Day 15: Code Reviews and Back to Fuzzing
🏡 Mood: Ready for a 3 day weekend.
🎵 Soundtrack: Big Red Machine Mix
📚 Reading Github Issues
Read 13 new github issues. None of them really stuck out.
🐈⬛ Code Reviews
I ended up submitting my go vet check code last night, with the hope of having someone review it before I got into work today. And that’s what happened!
I went back and forth twice more today with code reviews. Per the reviewers’ requests I:
- Changed
regexp.Compile
(which returns an error) ->regexp.MustCompile
(which does not return an error and panics instead). This was nice to get rid of the error handling. - Stopped running
rexep.(Must)Compile
for every example and instead did it once globally. - Added a comment that the file’s comments are guaranteed to be in order of appearance.
- Got rid of an unnessesary else statement.

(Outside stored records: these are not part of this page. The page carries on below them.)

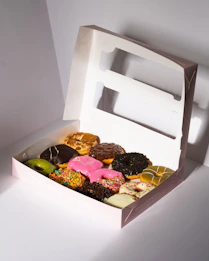 A box filled with assorted, colorful donuts.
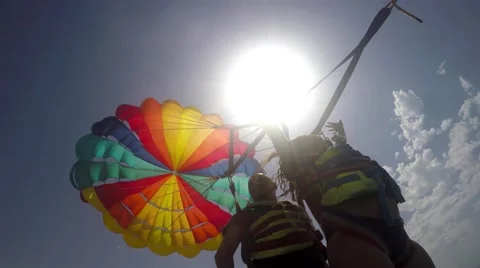 4k Two duplex paragliders paragliding under sun Stock-Footage 56034325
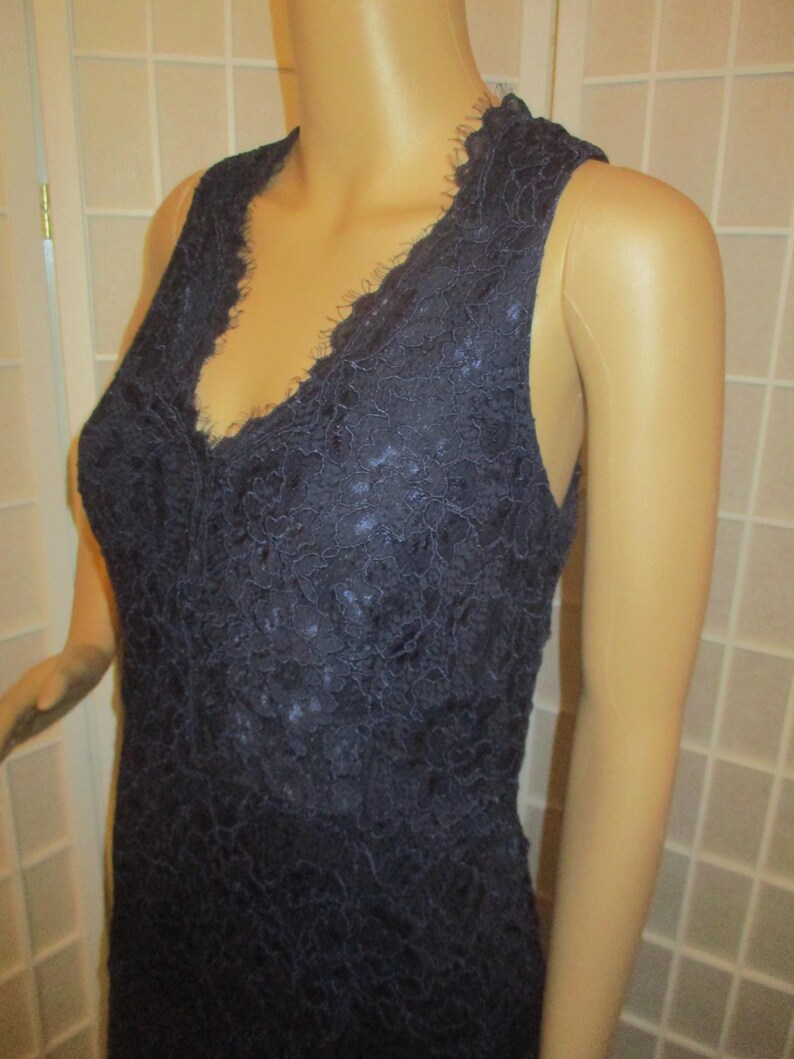 May include: A sleeveless navy blue lace dress with a V-neckline.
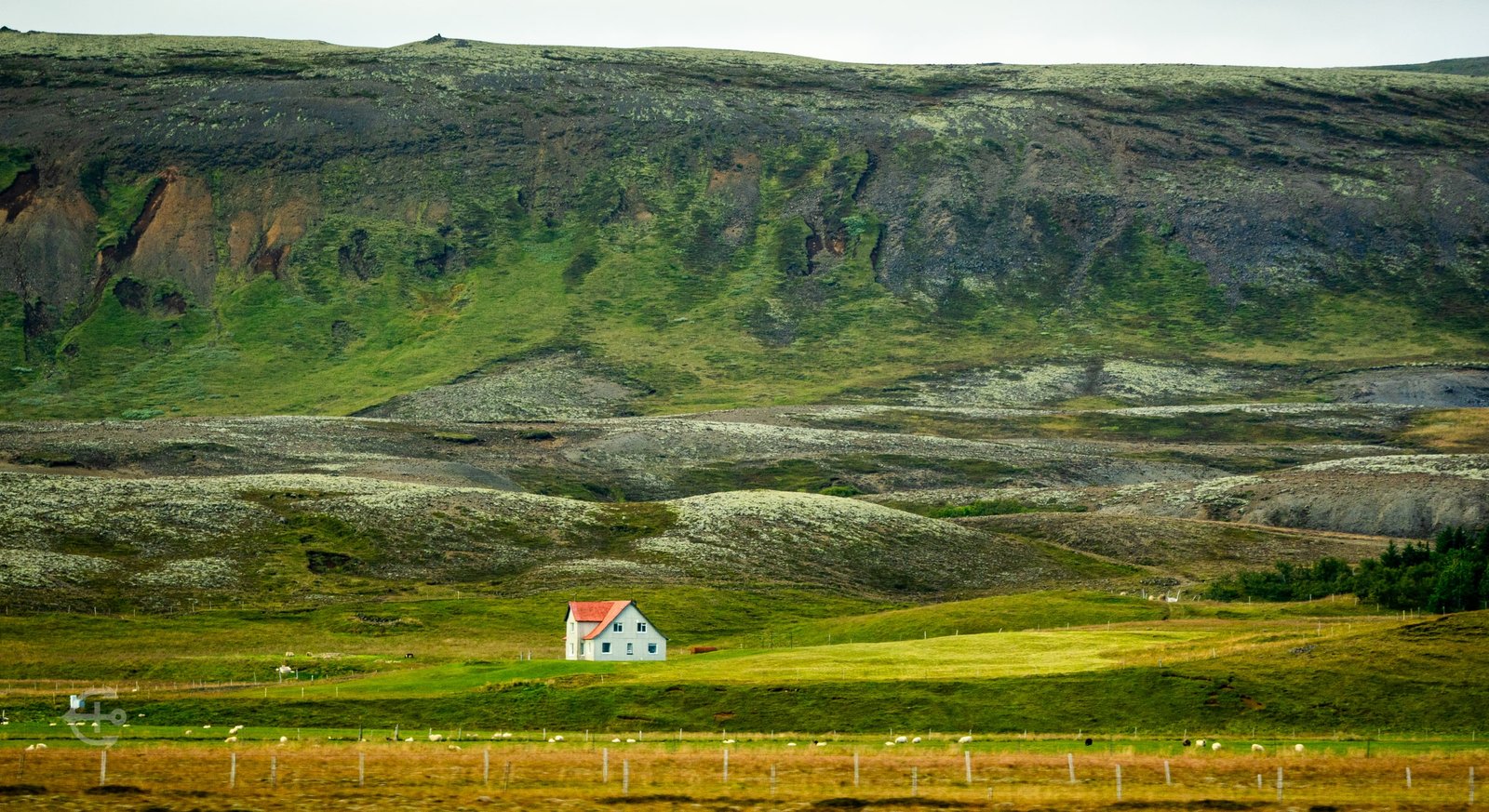 White farmhouse with a red roof beneath a green hillside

- Added a test for multiple output comments.
🧶 Back to Fuzzing
In between code reviews, I went back to investigating the fuzzing minimizer. I ended up writing some code (and tests!) to extend the minimizer to make the results “cleaner” when they are strings.
For example, if a function always failed when a string had a length of 5 with
the current implementation the result could be some very unreadable things like:
aQQ\x89\x9f
, MEow\xbc
, or m$\x80\x00K
.
With my implementation, I try to replace every character with 0
. If that
doesn’t work I try to replace letters with a
, symbols with $
, and
punctuation with .
.Thus if a function always failed when a string had a length
of 5 then the result would ALWAYS be 00000
.
The code ended up looking like this:
for i, c := range string(v) {
candidate := make([]byte, len(v))
copy(candidate, v)
// Try to replace everything with zeros.
candidate[i] = 48 // 0
if try(candidate) {
v = candidate
continue
}
// If 0 doesn't work, try to replace with the simpliest example of same
// "type" of character.
if unicode.IsLetter(c) {
candidate[i] = 97 // a
}
if unicode.IsSymbol(c) {
candidate[i] = 36 // $
}
if unicode.IsPunct(c) {
candidate[i] = 46 // .
}
if !try(candidate) {
break
}
// Set v to the new value to continue iterating.
v = candidate
}
At the end of the day I was struggling to merge it in with the current code DRYly. I’m sure there is a way, but my attention has started to wane with the weekend just 2 hours away.
My next step is to open an issue for this and offer to work on it. I wanted to get a little rough draft complete before I created an issue just to make sure I could do it 😅.